Prime Minister Narendra Modi’s Adarsh Gram Yojna is reportedly yet another example of a false promise. According to a report in Navjivan India, the supposed “adarsh” — ideal — villages are not ideal by any standard. Promises and pledges taken by MPs in the name of this scheme, per the report, have sadly remained unfulfilled. Not just that, in many of these villages that were selected for this scheme, basic welfare schemes and plans are yet to be implemented.
The Navjivan report details the conditions of different villages that were “adopted” by various MPs. For example, Jungle Aurahi, the village adopted by Uttar Pradesh Chief Minister Yogi Adityanath, merely eight kilometres away from the Gorakhpur District headquarters, has seen wear and tear in the past year. Millions were spent in building roads in this village. Yet, barely a year later, have the roads begun to disintegrate. That isn’t all; the village faces a severe water shortage — the residents receive water once every five days.
When Adityanath was the Gorakhpur MP, the report suggests that he would often visit the village and keep track of development. However, ever since he assumed the office of chief minister in 2017, things have not been the same.

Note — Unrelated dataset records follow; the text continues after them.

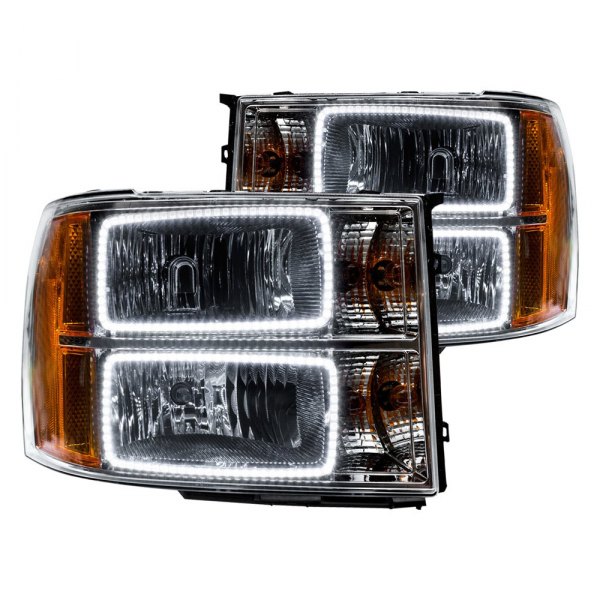 Oracle Lighting® - Chrome Crystal Headlights with White SMD LED Square Ring Halos Preinstalled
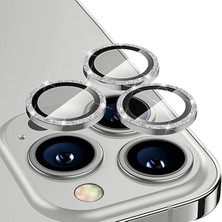 Ally iPhone 14 Pro-14 Pro Max Diamond Taş Işlemeli Alüminyum Alaşımlı Kamera Lens KORUYUCU-1852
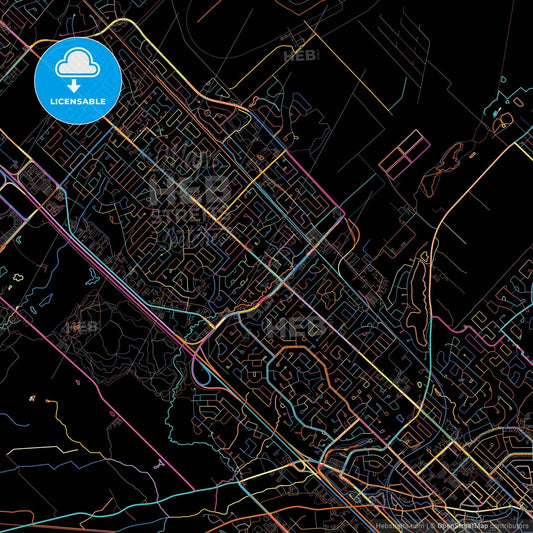 Blainville, Quebec, Canada, colorful city map on black background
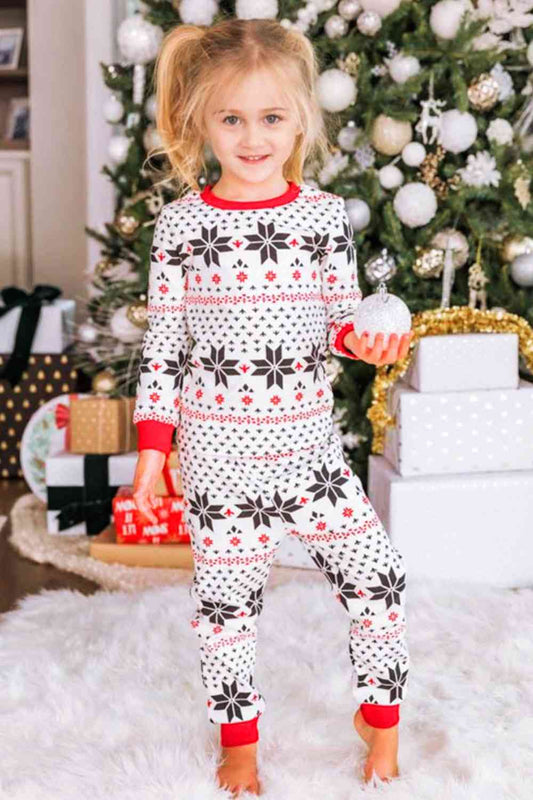 Kids Snowflake Pattern Top and Pants Set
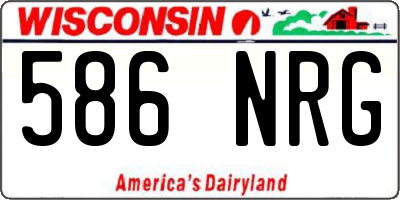 WI license plate 586NRG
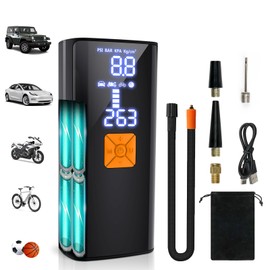 Tire Inflator Portable Air Compressor,150PSI Cordless Electric Air Pump for Car,Motorcycle,Bike Tires,Basketball & Sports Balls,with LED Light,Digital Pressure Gauge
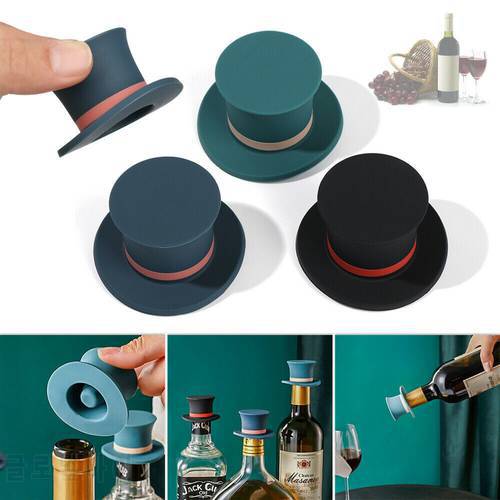 New Reusable Creative Silicone Champagne Wine Beer Bottle Stopper Plug Top Hat Wine Bottle Sealer Soft Cap Bar Kitchen Tool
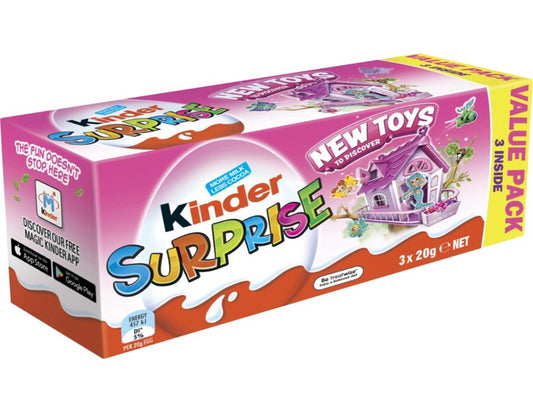 3 x Kinder Surprise Milk Chocolate Egg 60g - Pink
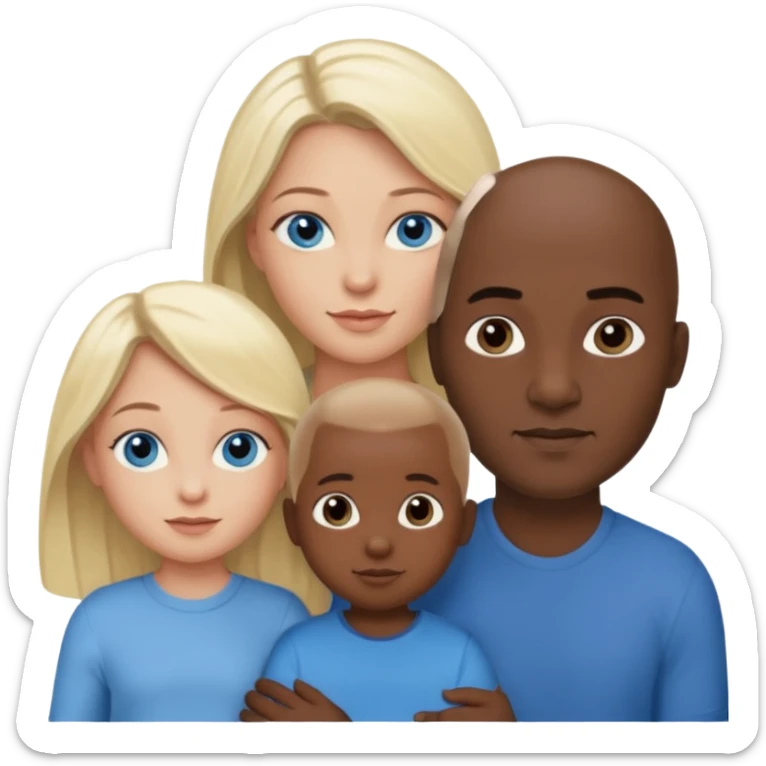 Eigene Familienbild mit 3 Personen; Frau mit dunklen Augen und dunkle lange Haare; Vater mit Vollglatze und Blaue Auge und ohne Brille;  kleinkind mit blonden Haaren und dunklen Augen und ohne Brille sticker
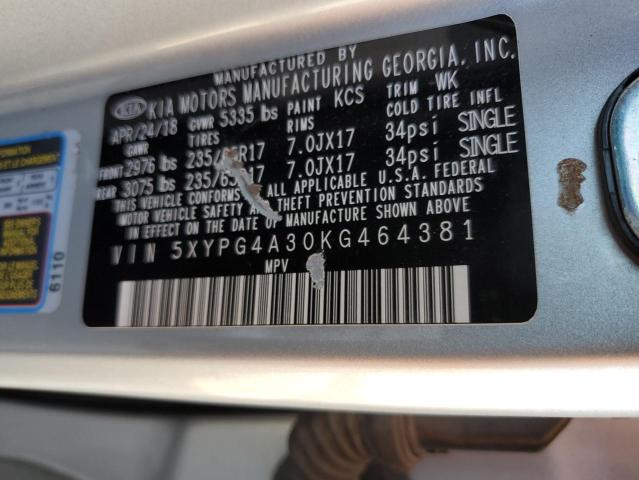2019 KIA SORENTO L 5XYPG4A30KG464381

In Chhattisgarh, former Lok Sabha MP of Rajnandgaon, Abhishek Singh, too had adopted a village that now faces severe infrastructural issues. Drainage issues, dirt roads that have sewer water flowing into them, and lack of water, these are all things reportedly visible in Gotatola, merely eight kilometres away from the Rajnandgaon District Camp headquarters. The son of former Chhattisgarh CM Raman Singh, per the report, has visited the village only twice in the four years he has adopted it.
The scheme is a rural development programme broadly focusing upon the development in the villages which includes social growth, cultural development and spread motivation among the people on social mobilisation of village communities.